Columnist George E Curry

While everyone was recently fixated on Jesse Jackson’s expressed interest in castrating Barack Obama almost overlooked was another insult to Obama made by John McLaughlin, host of the McLaughlin Group.

McLaughlin asked, “Does it frost Jackson, Jesse Jackson, that someone like Obama, who fits the stereotype blacks once labeled as an Oreo – a black on the outside, a white on the inside – that an Oreo should be the beneficiary of the long civil rights struggle which Jesse Jackson spent his lifetime fighting for?”

First, calling someone an Oreo is as outdated as wearing Ivy League pants. Second, who is McLaughlin to reduce Obama and all that he has accomplished to a racial stereotype? Third, Obama is not black on the outside and white on the inside; he’s black and white inside and out. That puts him in a unique position to help narrow the racial divide in this country.

While we’re on the subject Jesse Jackson, anyone who has been around him for any length of time probably wasn’t surprised by the coarse language he used to describe what he would like to do to Obama. Knowing how crude Jackson can be, my first response was: “That’s all they caught on tape?”

Obama has run a successful presidential campaign without any guidance from Jesse Jackson. I suspect that irritates Jackson and, hence, the crude outburst. Obama frequently pays homage to civil rights warriors who have come before him – he did that again at the NAACP convention in Cincinnati – but that doesn’t mean he needs to win Jackson’s stamp of approval before deciding on a course of action.
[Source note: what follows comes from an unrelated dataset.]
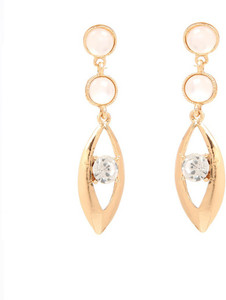 GoldNera Monalisa Eye Design Alloy Dangle Earring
This whole notion of “Who Speaks for the Negro?” – the title of a 1965 book by Warren Penn Warren – received a big jolt with the release of an annual Gallup Poll. The public opinion group reported that 29 percent of African Americans cite Obama as the leader they would choose as their spokesperson on racial issues. Far back in second place was Al Sharpton at 6 percent and Jesse Jackson with 4 percent. This is the first known national poll where Sharpton outranks Jackson.

With a sample of only 608 blacks and a margin of error of plus or minus 4 percent, I have my doubts about the validity of this poll, especially when it found that Bill and Hillary Clinton, with a ranking of 3 percent each, have three times the level of support on racial issues of Minister Louis Farrakhan, Colin Powell and Bill Cosby, all tied at 1 percent each.